このように、目の前の支払いだけでなく、未来のことを考える余裕が出てきます。

借金を返すことは、単にお金を返すだけではありません。

頭の中の不安を減らし、本来の冷静さを取り戻すことでもあります。

私自身も、過去の滞納やお金の失敗を振り返ると、あの頃は本当に視野が狭くなっていたと思います。
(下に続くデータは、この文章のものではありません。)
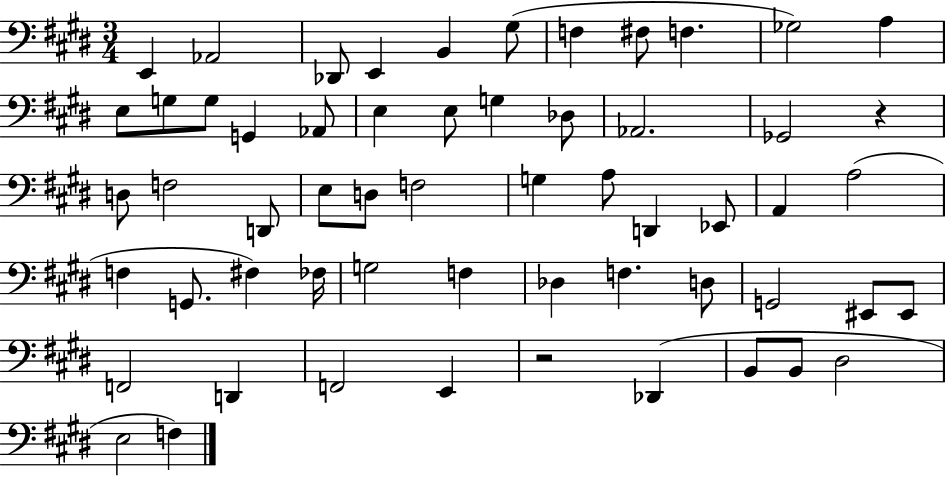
{
  \clef bass
  \numericTimeSignature
  \time 3/4
  \key e \major
  e,4 aes,2 | des,8 e,4 b,4 gis8( | f4 fis8 f4. | ges2) a4 | \break e8 g8 g8 g,4 aes,8 | e4 e8 g4 des8 | aes,2. | ges,2 r4 | \break d8 f2 d,8 | e8 d8 f2 | g4 a8 d,4 ees,8 | a,4 a2( | \break f4 g,8. fis4) fes16 | g2 f4 | des4 f4. d8 | g,2 eis,8 eis,8 | \break f,2 d,4 | f,2 e,4 | r2 des,4( | b,8 b,8 dis2 | \break e2 f4) | \bar "|."
} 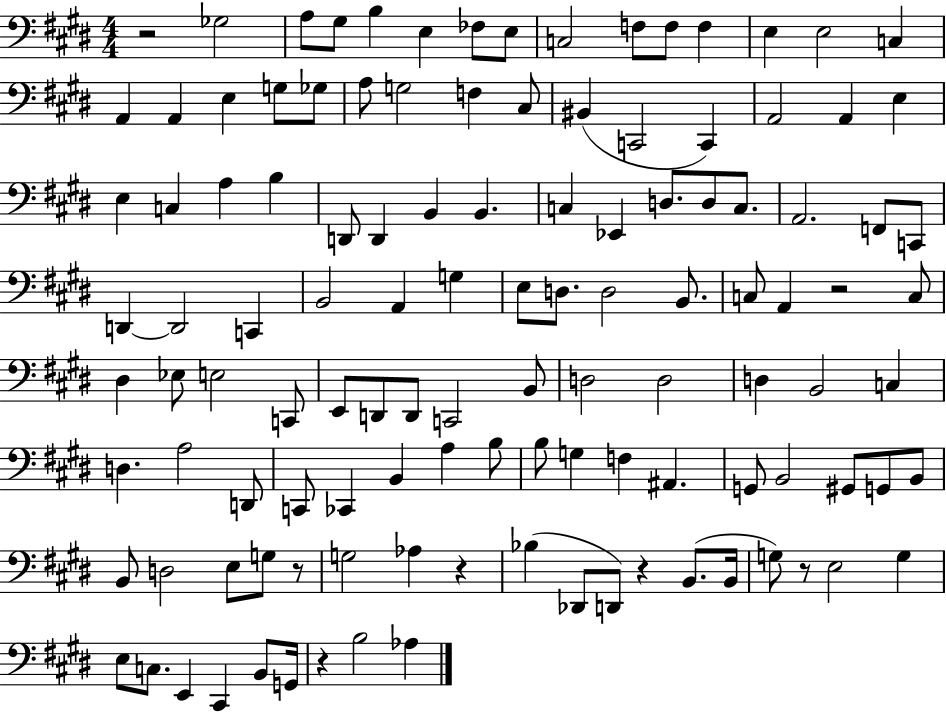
{
  \clef bass
  \numericTimeSignature
  \time 4/4
  \key e \major
  \repeat volta 2 { r2 ges2 | a8 gis8 b4 e4 fes8 e8 | c2 f8 f8 f4 | e4 e2 c4 | \break a,4 a,4 e4 g8 ges8 | a8 g2 f4 cis8 | bis,4( c,2 c,4) | a,2 a,4 e4 | \break e4 c4 a4 b4 | d,8 d,4 b,4 b,4. | c4 ees,4 d8. d8 c8. | a,2. f,8 c,8 | \break d,4~~ d,2 c,4 | b,2 a,4 g4 | e8 d8. d2 b,8. | c8 a,4 r2 c8 | \break dis4 ees8 e2 c,8 | e,8 d,8 d,8 c,2 b,8 | d2 d2 | d4 b,2 c4 | \break d4. a2 d,8 | c,8 ces,4 b,4 a4 b8 | b8 g4 f4 ais,4. | g,8 b,2 gis,8 g,8 b,8 | \break b,8 d2 e8 g8 r8 | g2 aes4 r4 | bes4( des,8 d,8) r4 b,8.( b,16 | g8) r8 e2 g4 | \break e8 c8. e,4 cis,4 b,8 g,16 | r4 b2 aes4 | } \bar "|."
} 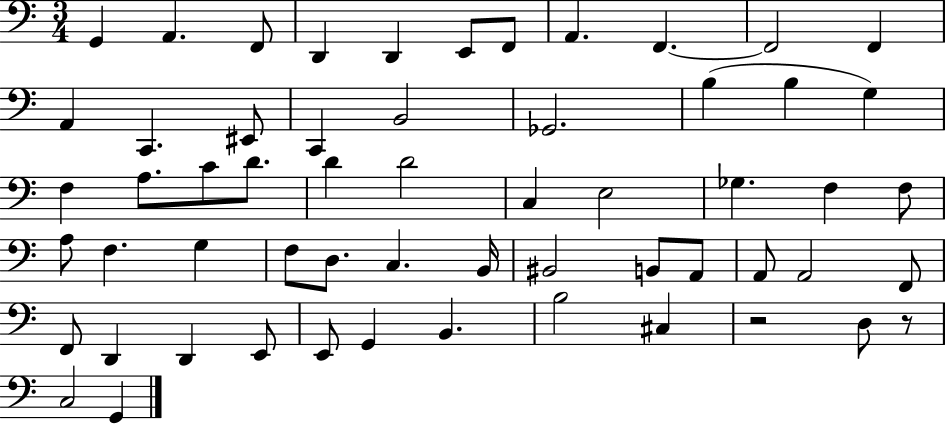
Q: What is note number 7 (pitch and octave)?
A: F2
だからこそ、今お金で苦しんでいる人を責める気持ちはありません。

ただ、逃げ続けると問題は大きくなります。

小さくてもいいので、現実を見る一歩を作ることが大切だと思います。


今日からできる小さな行動

借金や滞納の問題を抱えている時に、いきなり大きな行動をするのは難しいです。

だから、最初は小さなことでいいと思います。

  • 封筒を一つだけ開ける
  • 借入先を一つだけメモする
  • 毎月の返済額を一つだけ確認する
  • 役所や金融機関の相談窓口を調べる
  • 今日だけコンビニで余計なものを買わない
  • 早めに寝る
  • 誰かに一言だけ相談する

これくらいできたら、本当に十分です。

大きな問題ほど、一気に解決しようとすると苦しくなります。

問題の端っこから少しずつ崩していきましょう!

まずは、頭の中にある不安を少し外に出すこと。

それが、冷静さを取り戻す第一歩になります。


まとめ|借金の問題は、お金だけでなく「心の余裕」の問題でもある

借金や滞納は、単なるお金の問題ではありません。

お金の不安が強くなると、判断力、集中力、行動力にも影響します。

だから、借金で苦しんでいる人に必要なのは、責める言葉ではなく、現実を小さく整理することだと思います。

私自身も、昔は税金の封筒を開けられず、現実から逃げていました。

今ならすぐに相談すると思います。

でも当時は、それすらできませんでした。

だからこそ、今お金で苦しんでいる人には、まず自分を責めすぎないでほしいと思います。

ただし、放置はしない方がいいです。

  • 封筒を一つ開ける。
  • 金額を一つ確認する。
  • 相談先を一つ調べる。

その小さな行動が、思考回路を再起動するきっかけになります。